• **INSTRUCTIONS FOR THE TASK**
Take the records below and print them verbatim up to and including the line that carries "Biology Bing Bingo Card".

• **DATA FOR THE TASK**

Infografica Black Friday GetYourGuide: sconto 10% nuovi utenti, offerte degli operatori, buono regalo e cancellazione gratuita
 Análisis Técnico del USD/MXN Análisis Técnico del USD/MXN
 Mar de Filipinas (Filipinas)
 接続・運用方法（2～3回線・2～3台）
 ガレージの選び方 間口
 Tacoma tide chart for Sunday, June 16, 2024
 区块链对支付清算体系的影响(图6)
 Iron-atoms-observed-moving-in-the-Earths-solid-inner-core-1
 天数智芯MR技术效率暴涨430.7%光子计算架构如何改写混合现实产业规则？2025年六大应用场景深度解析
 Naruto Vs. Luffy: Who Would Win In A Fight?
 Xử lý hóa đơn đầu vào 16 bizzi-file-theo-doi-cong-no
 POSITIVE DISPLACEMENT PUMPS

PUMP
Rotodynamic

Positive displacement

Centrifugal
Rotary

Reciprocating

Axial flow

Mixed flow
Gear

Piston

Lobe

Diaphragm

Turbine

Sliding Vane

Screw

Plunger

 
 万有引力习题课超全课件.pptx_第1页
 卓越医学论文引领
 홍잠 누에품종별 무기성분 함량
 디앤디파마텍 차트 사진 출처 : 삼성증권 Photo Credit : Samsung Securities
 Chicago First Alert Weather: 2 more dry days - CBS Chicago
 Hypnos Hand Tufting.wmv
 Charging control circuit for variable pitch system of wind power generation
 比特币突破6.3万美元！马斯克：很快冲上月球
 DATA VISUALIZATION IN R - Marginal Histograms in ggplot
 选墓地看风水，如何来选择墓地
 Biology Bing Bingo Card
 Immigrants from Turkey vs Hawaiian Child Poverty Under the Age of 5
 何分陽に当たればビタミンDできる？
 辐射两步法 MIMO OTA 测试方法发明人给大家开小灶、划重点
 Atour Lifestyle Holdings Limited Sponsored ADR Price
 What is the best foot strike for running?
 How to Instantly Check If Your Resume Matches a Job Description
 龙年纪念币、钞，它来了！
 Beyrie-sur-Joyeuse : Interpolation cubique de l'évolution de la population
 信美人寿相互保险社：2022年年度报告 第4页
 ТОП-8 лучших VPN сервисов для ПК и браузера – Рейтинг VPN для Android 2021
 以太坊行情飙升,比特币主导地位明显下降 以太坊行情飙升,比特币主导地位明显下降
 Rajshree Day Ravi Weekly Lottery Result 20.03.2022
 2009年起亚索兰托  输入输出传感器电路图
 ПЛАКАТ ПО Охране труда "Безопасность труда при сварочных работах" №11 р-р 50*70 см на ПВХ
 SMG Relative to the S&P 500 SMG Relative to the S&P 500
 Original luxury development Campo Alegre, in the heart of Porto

• **OUTPUT FOR THIS EXERCISE**
Infografica Black Friday GetYourGuide: sconto 10% nuovi utenti, offerte degli operatori, buono regalo e cancellazione gratuita
 Análisis Técnico del USD/MXN Análisis Técnico del USD/MXN
 Mar de Filipinas (Filipinas)
 接続・運用方法（2～3回線・2～3台）
 ガレージの選び方 間口
 Tacoma tide chart for Sunday, June 16, 2024
 区块链对支付清算体系的影响(图6)
 Iron-atoms-observed-moving-in-the-Earths-solid-inner-core-1
 天数智芯MR技术效率暴涨430.7%光子计算架构如何改写混合现实产业规则？2025年六大应用场景深度解析
 Naruto Vs. Luffy: Who Would Win In A Fight?
 Xử lý hóa đơn đầu vào 16 bizzi-file-theo-doi-cong-no
 POSITIVE DISPLACEMENT PUMPS

PUMP
Rotodynamic

Positive displacement

Centrifugal
Rotary

Reciprocating

Axial flow

Mixed flow
Gear

Piston

Lobe

Diaphragm

Turbine

Sliding Vane

Screw

Plunger

 
 万有引力习题课超全课件.pptx_第1页
 卓越医学论文引领
 홍잠 누에품종별 무기성분 함량
 디앤디파마텍 차트 사진 출처 : 삼성증권 Photo Credit : Samsung Securities
 Chicago First Alert Weather: 2 more dry days - CBS Chicago
 Hypnos Hand Tufting.wmv
 Charging control circuit for variable pitch system of wind power generation
 比特币突破6.3万美元！马斯克：很快冲上月球
 DATA VISUALIZATION IN R - Marginal Histograms in ggplot
 选墓地看风水，如何来选择墓地
 Biology Bing Bingo Card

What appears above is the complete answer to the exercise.